ASSIGNMENT:
What you return should be only the lines in the entries below between the one holding "CH-7184 (багажный ремень" and the one holding "Pearl N Fun", ends included, with every picture left out.

INPUT FOR THIS TASK:
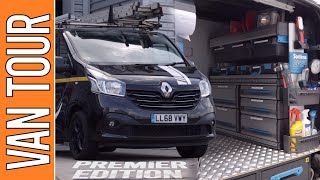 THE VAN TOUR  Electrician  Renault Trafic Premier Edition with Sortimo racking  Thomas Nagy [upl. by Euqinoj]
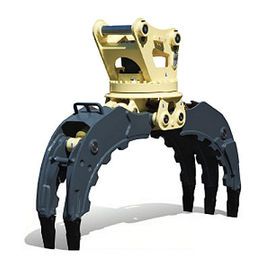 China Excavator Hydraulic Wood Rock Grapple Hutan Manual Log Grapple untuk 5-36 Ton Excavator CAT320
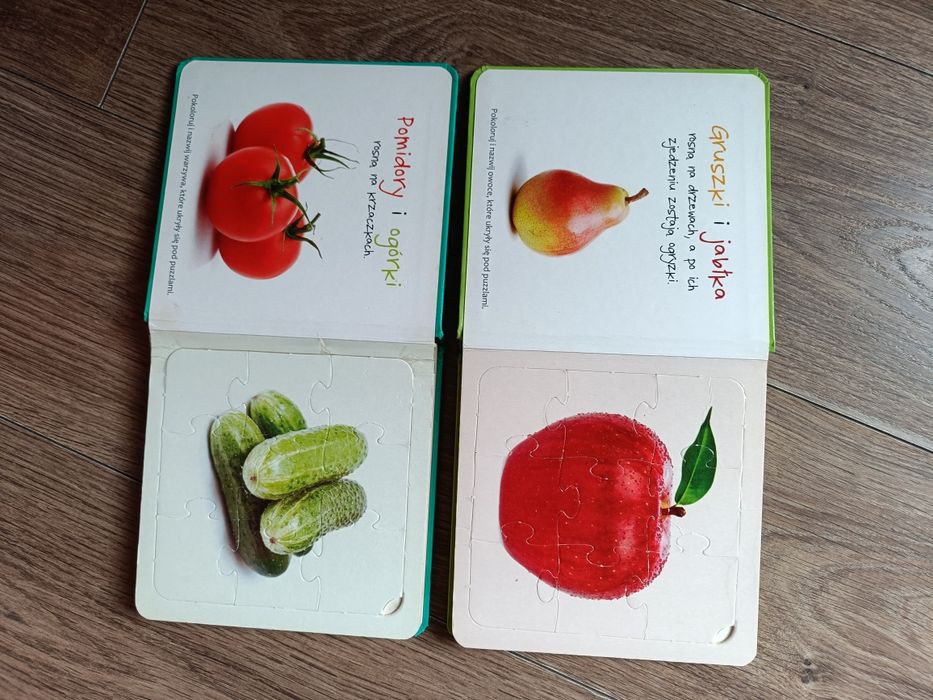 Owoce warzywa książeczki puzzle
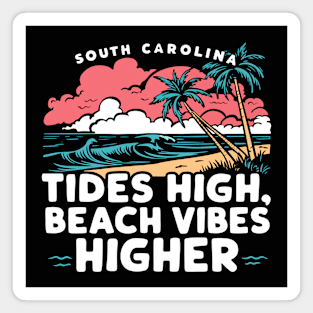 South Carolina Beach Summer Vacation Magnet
==
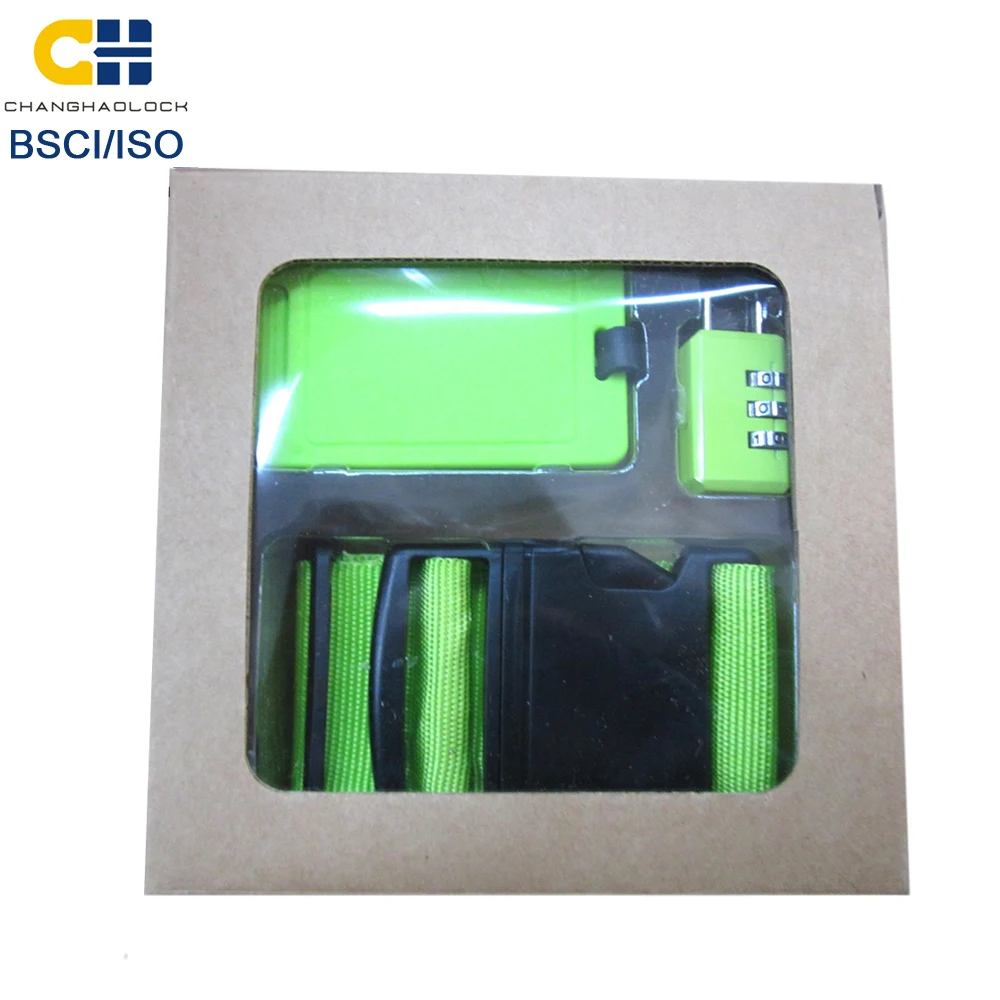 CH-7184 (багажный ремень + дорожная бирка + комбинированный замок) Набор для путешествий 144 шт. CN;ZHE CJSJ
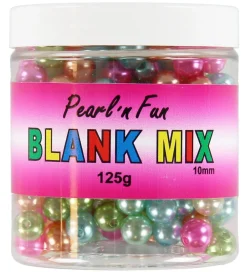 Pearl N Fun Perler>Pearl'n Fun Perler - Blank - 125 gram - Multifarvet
--
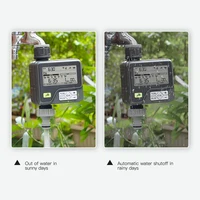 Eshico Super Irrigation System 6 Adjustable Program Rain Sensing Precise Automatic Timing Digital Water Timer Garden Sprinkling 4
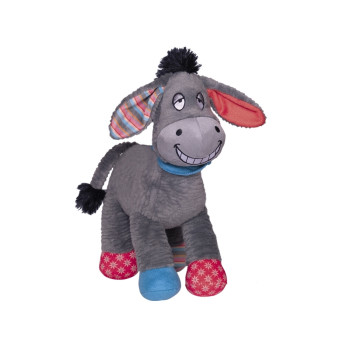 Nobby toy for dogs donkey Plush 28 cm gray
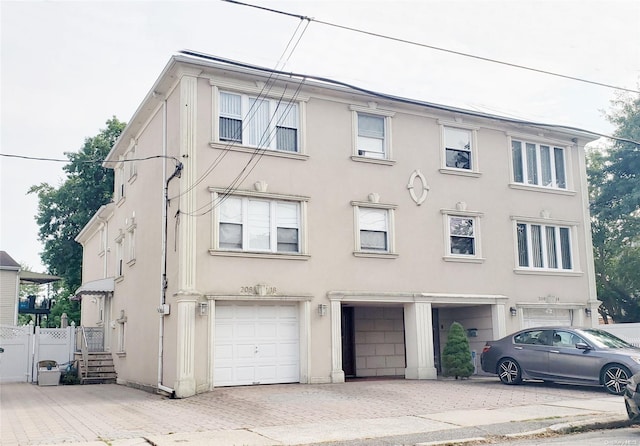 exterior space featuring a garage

TASK RESPONSE:
 CH-7184 (багажный ремень + дорожная бирка + комбинированный замок) Набор для путешествий 144 шт. CN;ZHE CJSJ
 Pearl N Fun Perler>Pearl'n Fun Perler - Blank - 125 gram - Multifarvet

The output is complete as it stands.